# Edgewater Surprise Last Night



## K gonefishin (May 4, 2004)

Went down to Edgewater with Viper 205 in an attempt to catch some smelt, hung the light on a pole by the park benches all sorts of bait fish came in, gizzard shad, emeralds, and two smelt that Viper had on but they popped off. I guess they aren't ready yet....Now for the good part, I had another rod in my truck so I put on a steelie setup with a 6# flouro leader and a 1/64 jig and a few maggots, I tossed it out 15 feet just off from where the light was bringing in the baitfish just off the wall. First cast BAM my bomber went down I set the hook and felt a big fish it took off like a bat out of hell at first I thought I tied into a steelie because the way it took off but as I got it closer to the wall I turned out to me a PIKE :B , I faught it all the way down the wall about 75 ft and Steve went down by the rocks by the last ramp and tried to land it without a net, my line broke but he was able to tackle it aon the rocks and grab it and land it. 

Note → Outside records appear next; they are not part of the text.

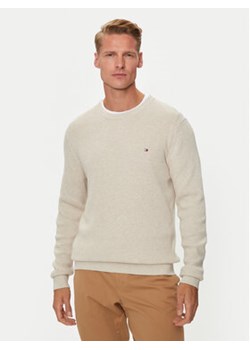 Tommy Hilfiger Sweter MW0MW35470 Beżowy Regular Fit ze sklepu MODIVO w kategorii Swetry męskie - zdjęcie 177365808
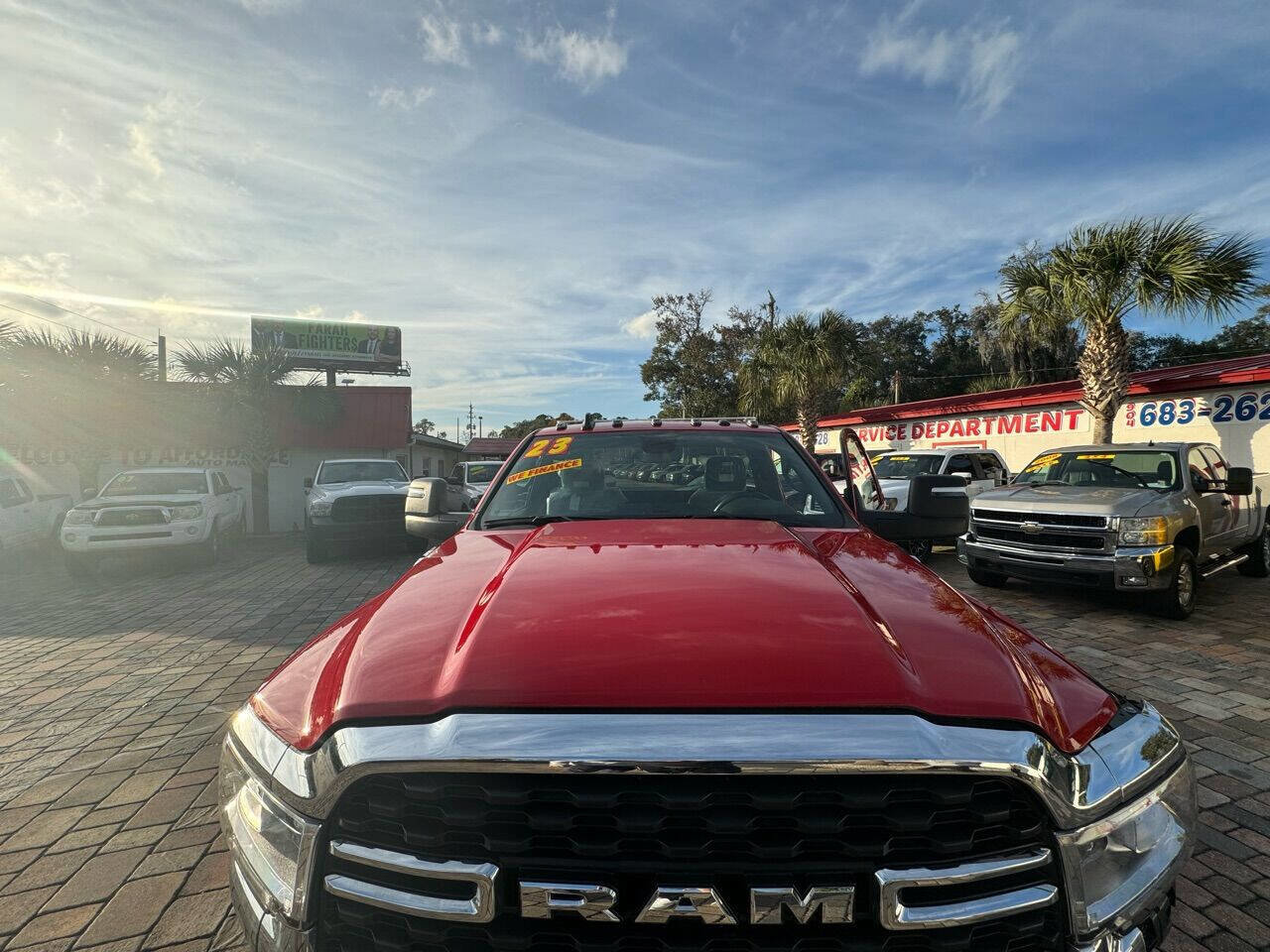 Used 2023 RAM 5500 SLT w/ Quick Order Package 2YG SLT RWD image 2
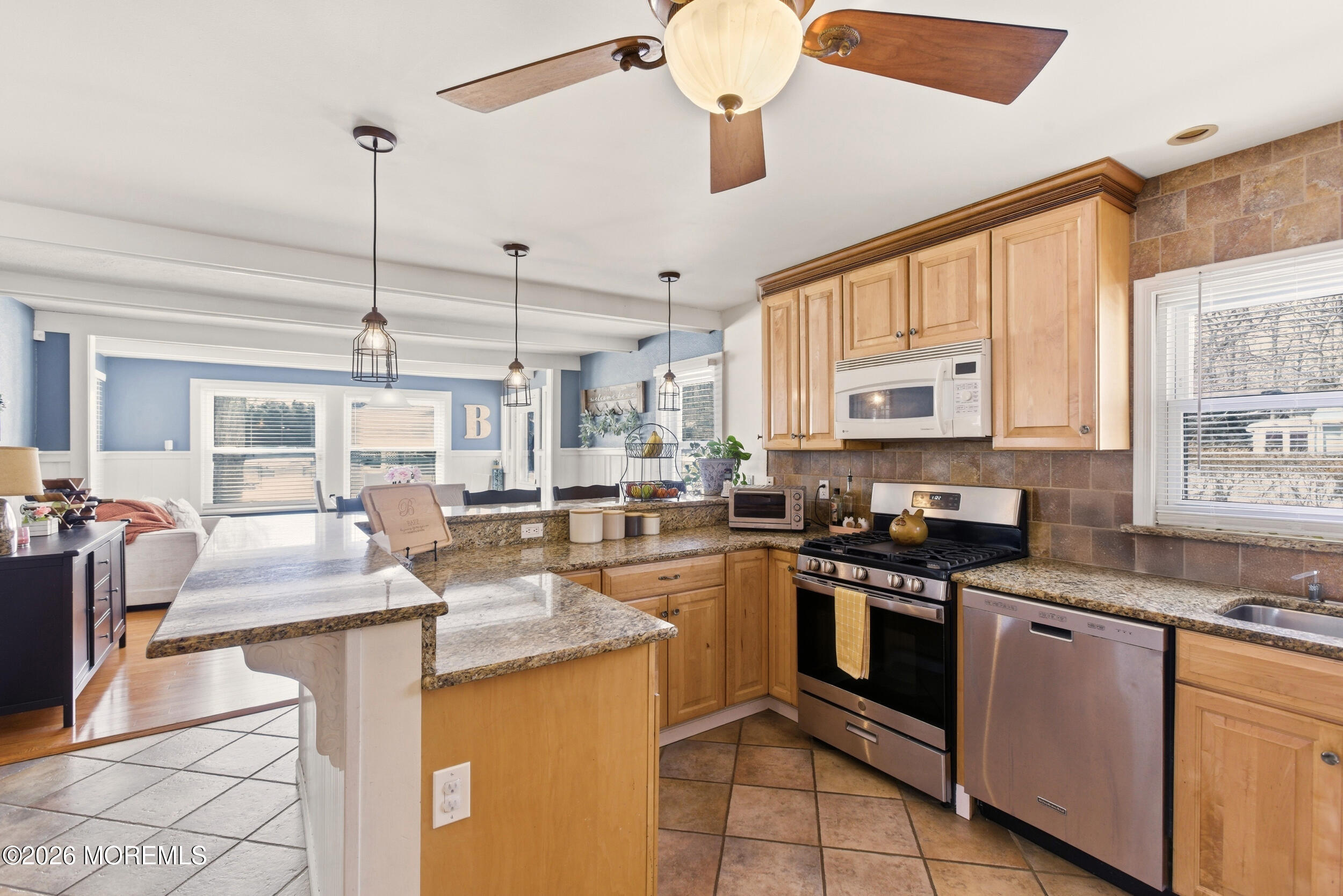 19 Bertan Avenue Howell, NJ 07731 - Photo 9 of 26 HL7A3654
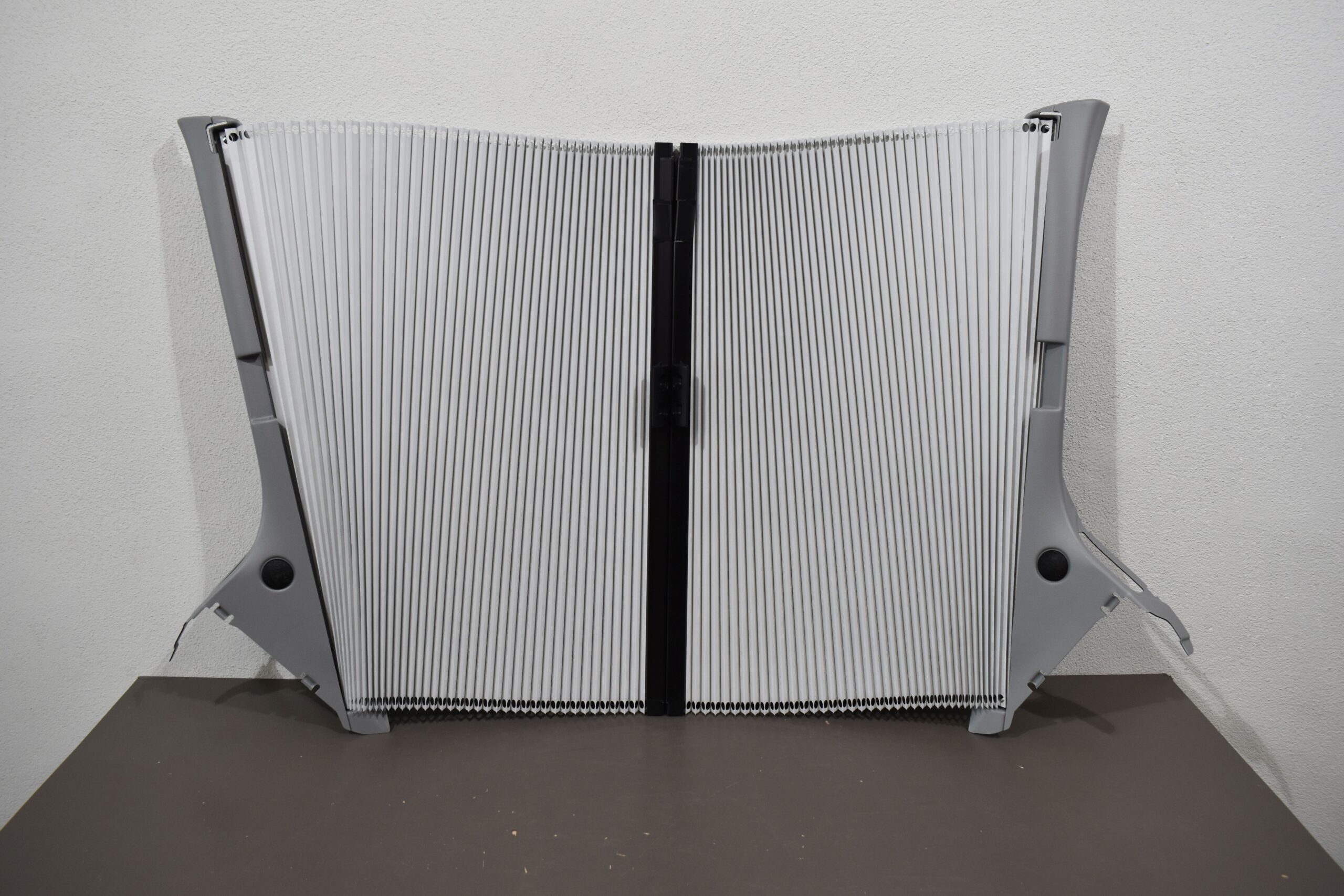 Remis Verkleidungs-Plissee für Fahrerkabine Ford Transit – Bild 2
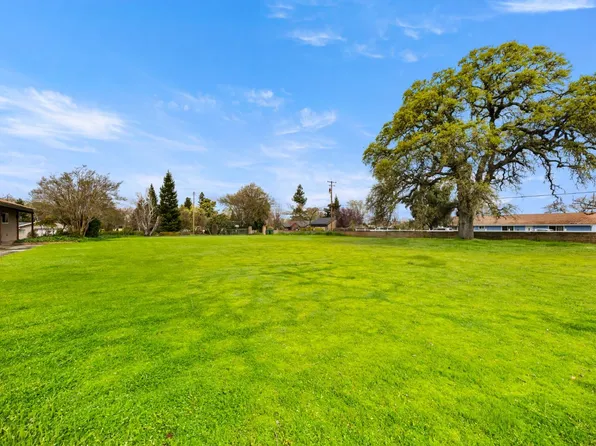 12492 Peach Ln, Wilton, CA 95693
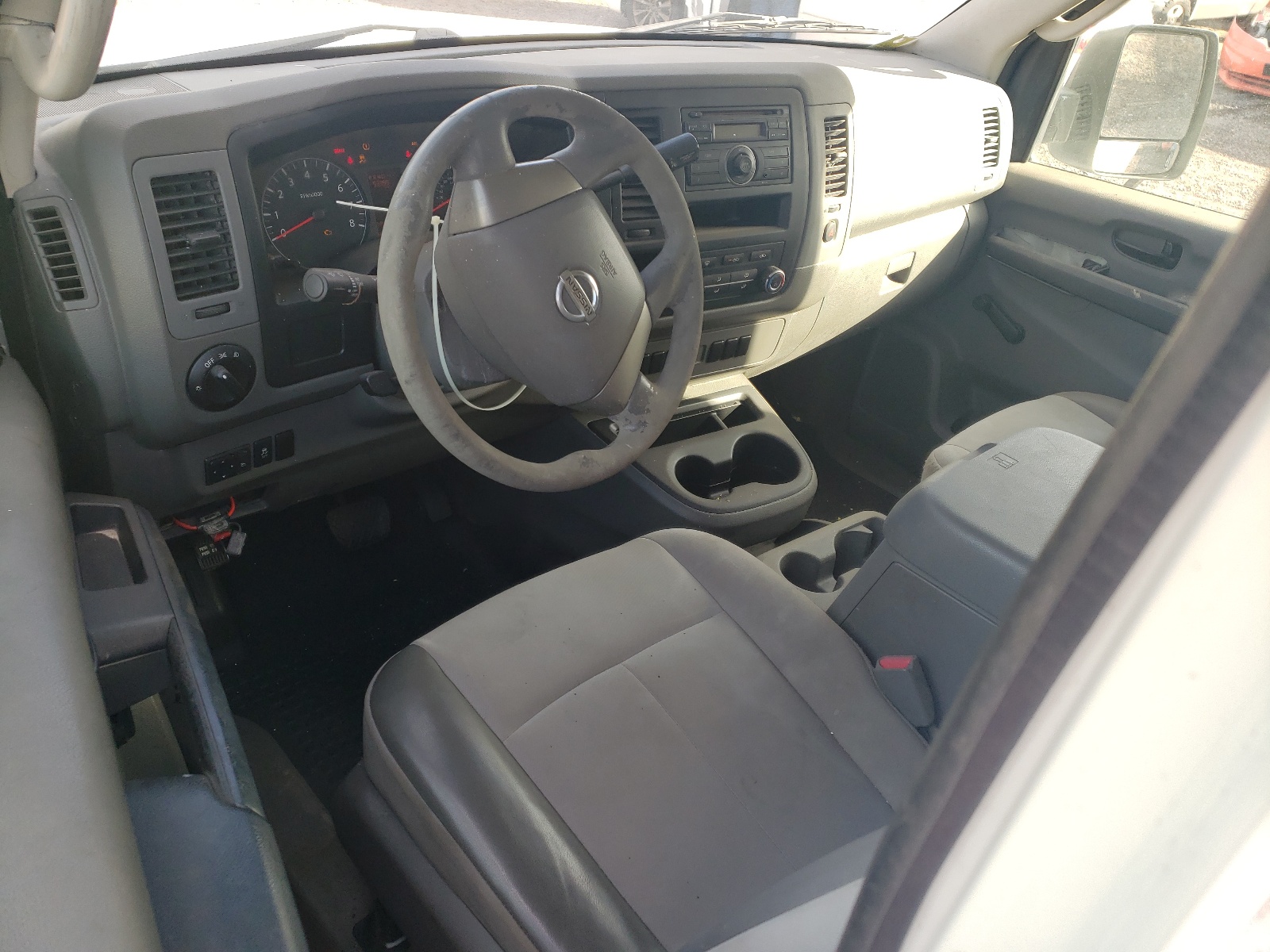 1N6AF0LY1CN102836 2012 Nissan Nv 2500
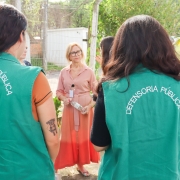 Foto geral das servidoras de costas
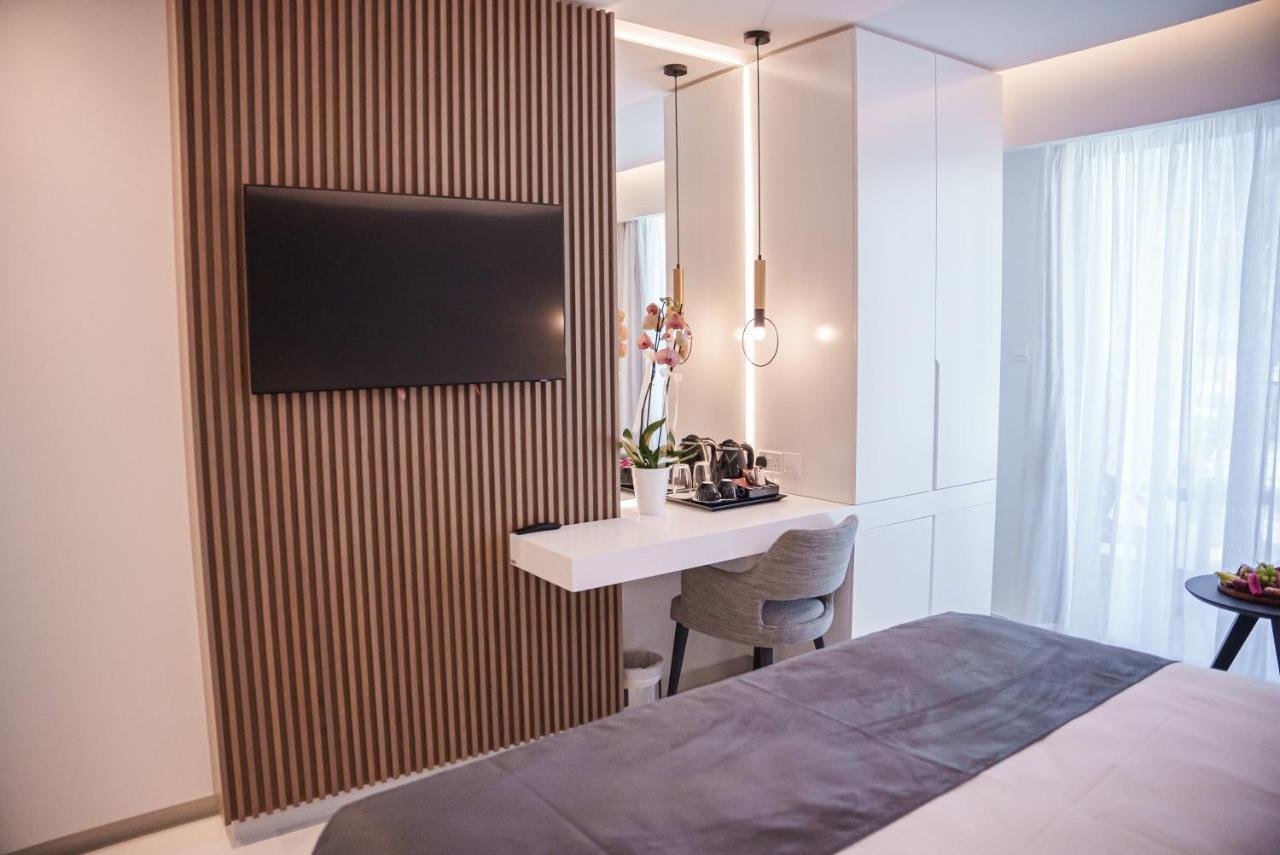 Double or Twin Room with Side Sea View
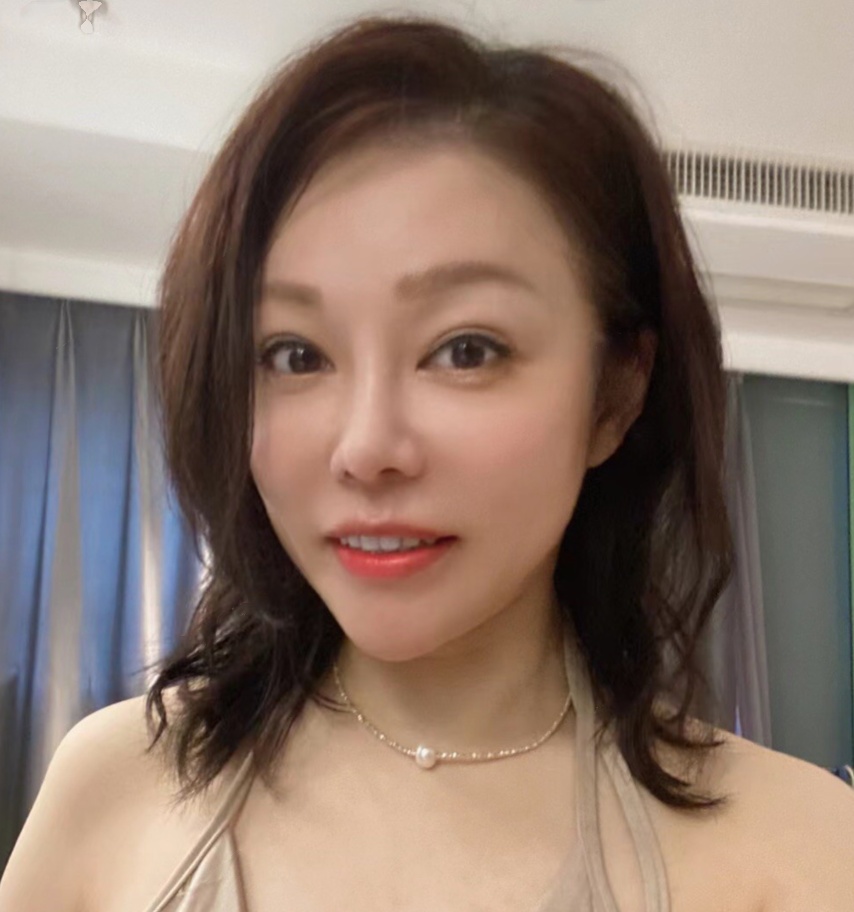 肤白御姐角色扮演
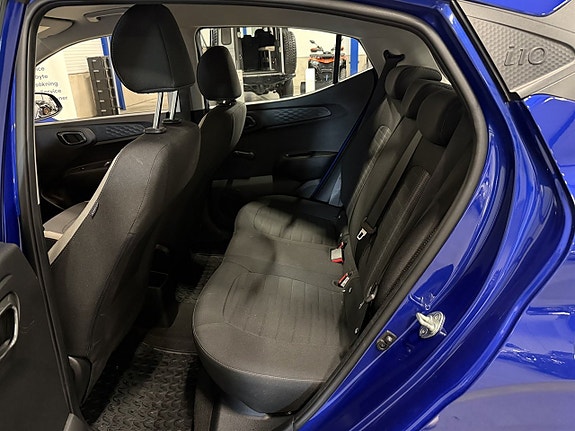 Hyundai i10 9 of 18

Man it was great, my first pike ever!! I don't know how long it was but it appeared to be between 32-35 inches had a nice body on it too, after a quick couple cell phone pics the pike swam away. Here are the two pics I grabbed not the great but the one in front of my headlights turned out okay.


----------



## Toolman (Jun 8, 2004)

Sure looks cold out there! Kev-your a true multi-species angler now! Nice catch.

Tim


----------



## cramerk (Aug 3, 2005)

GREAT catch! that fish sure looks bigger than 33 inches to me! Anyhow congrats.


----------



## peerlessfisherman (Jun 2, 2006)

Nice catch!!!! BRRRRRRRRRRRRRRRRRRR!


----------



## hardwaterfan (Apr 6, 2004)

wow! nice! looks more like about 40" to me!


----------



## creekcrawler (Oct 5, 2004)

Nice fish. Thought I had a nice one at the Rock Hall last spring, but it popped the line....


----------



## fishon (Apr 20, 2004)

Nice Job Bro!!!! now i know why you called.. you need to learn how to leave voice mail messages..LOL

Wow... i think that is closer to 40 inches also.....

FRank


----------



## Juls (Apr 12, 2004)

Really? Your very first one? I've lost count...They are fun to catch, because they put up a great fight, but on some waters they are a bothersome fish when you are in a Walleye tournament. lol

That's a beauty though Kevin...nice and healthy. Congrats! 

Juls


----------



## marshal45 (Mar 8, 2007)

Wow! Nice fish. 6# mono .....sheeezz I bet that was fun.


----------



## Shortdrift (Apr 5, 2004)

Can't you tell a GIANT SMELT when you see one?


----------



## elkhtr (Oct 23, 2006)

Outstanding Gator!!!


----------



## K gonefishin (May 4, 2004)

Juls said:


> Really? Your very first one? I've lost count...They are fun to catch, because they put up a great fight, but on some waters they are a bothersome fish when you are in a Walleye tournament. lol
> 
> That's a beauty though Kevin...nice and healthy. Congrats!
> 
> Juls


Yep first one Juls, I've never fished out of Ohio except for salmon on Ontario. I know guys catch them like bluegill up in canada and many other lakes my Dad has caught tons of them. I'm pretty much a Erie guy only I've fished alot of inland lakes since I was a kid but never really targeted anything except bass,walleye and never caught one by accident, So this is a great catch for me. Totally sweet, given how and where and when I caught it I bet it will never ever happen agan. 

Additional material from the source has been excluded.